Regard this, reader, as a warcry — admittedly forged from laziness and worry, but fixed and full-throated nonetheless. Today I fly the flag of careless halves in the face of considered wholes. And to illustrate I tumble upwards to 3am, piling piece on piece and pomp on pomp, and leaving the job of sorting the resulting jumble not to the reader — I would never impose such a fruitless task upon those kind and loyal and peculiar enough to scan beneath the title — but to the universe. To hell with craft, he cries, thumping a weak paw on the contrived disorder of his desk; then, reciting the thinnest excuse of all, Life itself is a mess! Is it my/our job to sort existence and regurgitate it into a more intelligible — not to mention palatable — form, for those most afflicted by it, or am I simply to reflect it, to effectively say, Well, I don't know any more than you do, but it's a remarkable likeness, no?

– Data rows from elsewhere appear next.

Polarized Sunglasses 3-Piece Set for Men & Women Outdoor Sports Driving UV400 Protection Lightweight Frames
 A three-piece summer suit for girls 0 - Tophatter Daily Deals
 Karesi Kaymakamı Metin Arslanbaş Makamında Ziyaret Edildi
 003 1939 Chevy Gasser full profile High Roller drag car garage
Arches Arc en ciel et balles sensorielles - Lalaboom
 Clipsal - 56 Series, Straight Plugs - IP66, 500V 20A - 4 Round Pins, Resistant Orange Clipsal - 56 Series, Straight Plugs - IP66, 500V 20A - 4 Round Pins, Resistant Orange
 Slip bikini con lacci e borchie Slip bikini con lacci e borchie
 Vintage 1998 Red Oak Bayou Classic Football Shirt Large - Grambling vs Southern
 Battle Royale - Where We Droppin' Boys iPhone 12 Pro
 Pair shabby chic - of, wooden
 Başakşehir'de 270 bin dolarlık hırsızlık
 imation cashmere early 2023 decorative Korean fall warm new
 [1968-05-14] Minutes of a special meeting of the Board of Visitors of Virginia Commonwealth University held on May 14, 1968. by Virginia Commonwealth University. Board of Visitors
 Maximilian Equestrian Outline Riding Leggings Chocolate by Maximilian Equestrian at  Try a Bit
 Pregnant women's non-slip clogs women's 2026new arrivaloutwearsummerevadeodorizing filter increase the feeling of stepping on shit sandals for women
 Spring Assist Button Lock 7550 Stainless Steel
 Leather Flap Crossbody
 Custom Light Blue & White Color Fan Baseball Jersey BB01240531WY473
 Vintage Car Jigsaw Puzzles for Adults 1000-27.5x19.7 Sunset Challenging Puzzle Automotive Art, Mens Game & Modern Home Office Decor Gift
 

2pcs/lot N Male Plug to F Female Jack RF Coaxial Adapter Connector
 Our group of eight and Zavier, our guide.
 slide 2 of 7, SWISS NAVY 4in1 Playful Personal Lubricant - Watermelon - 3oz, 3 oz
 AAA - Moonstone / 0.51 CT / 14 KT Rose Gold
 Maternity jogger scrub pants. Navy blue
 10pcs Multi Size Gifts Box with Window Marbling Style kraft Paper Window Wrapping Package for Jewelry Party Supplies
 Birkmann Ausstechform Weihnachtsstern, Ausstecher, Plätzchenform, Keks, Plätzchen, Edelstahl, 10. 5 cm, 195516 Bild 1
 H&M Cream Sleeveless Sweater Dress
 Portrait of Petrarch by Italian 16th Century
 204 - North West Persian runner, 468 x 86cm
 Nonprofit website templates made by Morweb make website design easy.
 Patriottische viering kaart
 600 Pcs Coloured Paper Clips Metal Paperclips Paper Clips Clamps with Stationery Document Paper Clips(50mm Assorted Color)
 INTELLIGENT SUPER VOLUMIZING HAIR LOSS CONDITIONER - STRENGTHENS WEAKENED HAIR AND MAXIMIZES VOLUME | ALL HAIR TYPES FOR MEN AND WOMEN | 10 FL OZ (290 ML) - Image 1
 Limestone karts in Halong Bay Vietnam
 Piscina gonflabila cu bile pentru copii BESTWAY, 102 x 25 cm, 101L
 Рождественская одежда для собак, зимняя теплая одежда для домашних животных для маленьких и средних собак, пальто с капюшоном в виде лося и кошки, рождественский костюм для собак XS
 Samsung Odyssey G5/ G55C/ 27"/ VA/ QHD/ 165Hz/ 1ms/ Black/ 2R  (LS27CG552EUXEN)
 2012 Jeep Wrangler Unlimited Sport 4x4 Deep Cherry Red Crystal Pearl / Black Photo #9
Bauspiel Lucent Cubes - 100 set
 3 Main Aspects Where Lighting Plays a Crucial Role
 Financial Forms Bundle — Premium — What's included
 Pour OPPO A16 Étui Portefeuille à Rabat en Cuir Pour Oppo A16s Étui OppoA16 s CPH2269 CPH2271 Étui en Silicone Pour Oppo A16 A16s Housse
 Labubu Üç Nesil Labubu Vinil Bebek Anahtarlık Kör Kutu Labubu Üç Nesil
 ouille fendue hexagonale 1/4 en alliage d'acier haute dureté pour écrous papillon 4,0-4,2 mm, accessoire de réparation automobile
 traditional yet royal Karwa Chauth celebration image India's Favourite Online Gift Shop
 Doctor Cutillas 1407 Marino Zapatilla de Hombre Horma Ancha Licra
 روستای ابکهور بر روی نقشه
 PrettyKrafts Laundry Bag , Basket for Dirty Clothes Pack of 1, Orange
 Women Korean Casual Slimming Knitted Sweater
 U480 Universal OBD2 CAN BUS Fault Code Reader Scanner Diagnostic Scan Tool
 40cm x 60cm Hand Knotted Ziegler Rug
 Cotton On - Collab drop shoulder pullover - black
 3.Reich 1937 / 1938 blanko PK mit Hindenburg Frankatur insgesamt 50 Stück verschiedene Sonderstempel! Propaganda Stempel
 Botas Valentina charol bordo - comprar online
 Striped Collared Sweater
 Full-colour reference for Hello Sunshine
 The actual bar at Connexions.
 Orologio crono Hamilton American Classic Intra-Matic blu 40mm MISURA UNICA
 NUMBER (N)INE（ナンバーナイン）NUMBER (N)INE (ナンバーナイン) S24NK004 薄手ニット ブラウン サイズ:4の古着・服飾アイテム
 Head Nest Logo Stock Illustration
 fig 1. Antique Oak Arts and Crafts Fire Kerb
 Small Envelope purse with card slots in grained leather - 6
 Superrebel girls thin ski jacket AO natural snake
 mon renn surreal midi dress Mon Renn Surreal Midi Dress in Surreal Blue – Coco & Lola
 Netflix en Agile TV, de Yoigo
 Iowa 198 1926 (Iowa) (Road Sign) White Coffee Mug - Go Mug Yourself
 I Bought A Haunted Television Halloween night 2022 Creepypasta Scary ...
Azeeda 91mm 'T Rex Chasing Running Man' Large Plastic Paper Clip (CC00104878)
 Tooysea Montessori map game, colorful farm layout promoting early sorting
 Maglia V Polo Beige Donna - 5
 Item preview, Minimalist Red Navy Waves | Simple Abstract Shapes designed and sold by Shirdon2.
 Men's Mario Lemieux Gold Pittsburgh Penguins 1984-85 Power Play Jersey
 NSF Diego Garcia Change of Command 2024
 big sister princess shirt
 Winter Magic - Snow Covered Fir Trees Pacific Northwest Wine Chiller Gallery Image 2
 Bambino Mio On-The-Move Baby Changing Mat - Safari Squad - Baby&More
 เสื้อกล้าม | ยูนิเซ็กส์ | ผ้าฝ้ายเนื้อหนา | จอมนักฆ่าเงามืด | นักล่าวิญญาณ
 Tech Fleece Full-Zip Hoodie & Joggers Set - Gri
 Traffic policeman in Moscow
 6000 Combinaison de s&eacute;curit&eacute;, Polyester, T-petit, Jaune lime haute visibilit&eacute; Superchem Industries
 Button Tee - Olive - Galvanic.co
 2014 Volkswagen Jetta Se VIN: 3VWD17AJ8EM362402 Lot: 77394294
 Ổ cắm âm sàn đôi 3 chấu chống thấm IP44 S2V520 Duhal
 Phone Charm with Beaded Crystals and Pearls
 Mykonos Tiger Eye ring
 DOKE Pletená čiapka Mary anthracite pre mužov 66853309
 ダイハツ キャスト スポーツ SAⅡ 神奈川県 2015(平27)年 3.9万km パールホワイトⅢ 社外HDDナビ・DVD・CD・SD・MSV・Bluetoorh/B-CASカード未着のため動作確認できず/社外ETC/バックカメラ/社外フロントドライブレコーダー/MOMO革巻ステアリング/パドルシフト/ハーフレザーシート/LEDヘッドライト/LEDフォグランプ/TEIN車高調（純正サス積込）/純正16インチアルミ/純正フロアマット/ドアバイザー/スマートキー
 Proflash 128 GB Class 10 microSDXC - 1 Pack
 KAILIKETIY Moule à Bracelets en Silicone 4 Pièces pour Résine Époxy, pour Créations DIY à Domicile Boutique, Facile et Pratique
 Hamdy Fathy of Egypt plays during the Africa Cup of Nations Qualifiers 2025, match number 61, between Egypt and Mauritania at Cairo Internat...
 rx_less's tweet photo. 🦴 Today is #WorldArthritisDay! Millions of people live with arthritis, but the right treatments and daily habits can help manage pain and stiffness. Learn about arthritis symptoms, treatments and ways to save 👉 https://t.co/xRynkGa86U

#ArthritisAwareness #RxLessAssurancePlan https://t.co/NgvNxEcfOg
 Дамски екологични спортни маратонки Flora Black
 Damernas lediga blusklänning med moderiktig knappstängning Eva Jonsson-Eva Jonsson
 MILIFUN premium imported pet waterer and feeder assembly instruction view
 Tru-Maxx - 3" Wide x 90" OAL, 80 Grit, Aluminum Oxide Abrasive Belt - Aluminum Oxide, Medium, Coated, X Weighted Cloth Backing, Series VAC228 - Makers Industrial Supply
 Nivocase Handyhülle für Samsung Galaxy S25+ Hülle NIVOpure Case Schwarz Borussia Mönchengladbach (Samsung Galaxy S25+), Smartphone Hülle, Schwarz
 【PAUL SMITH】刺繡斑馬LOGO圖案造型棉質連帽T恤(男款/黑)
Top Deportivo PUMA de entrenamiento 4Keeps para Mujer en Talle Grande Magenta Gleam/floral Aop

My cry is a pose, of course, but a mess does have its virtues, even when the spectre of a tidier version casts its gloom. Time spent refining could be time spent making more messes. And it is certainly easier this way, if only for the smallest party. But stifled potential does emit a uniquely foul stench, and it can be hard to focus when you discern the need for a few more drafts. Too often the Good gets lost in the What Could Be.

The Art Should Be Fun contingent are ready with the desperate-sounding but grain-of-truth-holding excuse that any ambition to create order out of what we might loosely term 'All this' is itself a fallacy; at least we — or they — are honest about that. Accompanying this view is the contention that art (no doubt refined to 'true art' in the face of contradiction) is not merely an argument told funny, nor is it a soft essay for those especially allergic to academic propositions. The delicate of disposition might well prefer such an alternative, but Art, they argue (adding the capital as they move in for the clincher), transcends. Ask of an essay what could be; ask of art what is. But calling upon the verb 'Transcend' is Patron 101 for escaping the threat of close inspection; in a critical context 'Transcend' becomes little more than a fancy substitute for "It's good, but I can't quite tell you why", but it's spongey enough to scare off would-be contrarians. The better defence, that of questioning the approach and relevance of the study of the arts, is forgotten in the haze.

It is noble, I believe, to curtail the excess of displaced theory, but noble it is not to contemn study for style — style in surface, that is, not service: suspended like a conjurer's tart and sporting an impeccable sheen, but about as transcendent as the same magic trick explained in diagram (TR is for Trope, but let me slip here). It is a funny fact of life that the effort in waxing in one corner roughly equates to the effort in working in the other, and the truly great proponents spin both plates indivisibly, putting the former most to shame. But the question of capacity does enter the picture. Do those who stick to chroming know their limitations, or are they merely too afraid to discover them? Most, I'm sure, would rather not answer that.

The ASBF camp has returned, this time with "Art is respite; life is for rubbing your nose in it." But the unfortunate truth is that this formulation is itself the formulation of those who have never had their noses rubbed in anything. Just as you have to have money before you can have contempt for it, you have to have had a truly wet beak before you can claim art exists elsewhere, and even then too many exemptions will loose the proverbial tin of bait. A suitable tome might be entitled 'Whither Frivolity?', and divide post-Auschwitz authors into cowards and noble failures. But then a suitable tome might also be 'Life From Above', where the silliest sit atop the pantheon and the soft essayists scowl indignant — and untranscedent.

What are we left with? Not enough to justify the question mark, that's for surtain. The H in Auden ain't exactly up to defending this stance by example. But if we can't counter the stinging print on its own terms — and we can't —, we can at least call on our youth, where it remains, and tell 'em to fold it five ways and put it where the moon don't shine.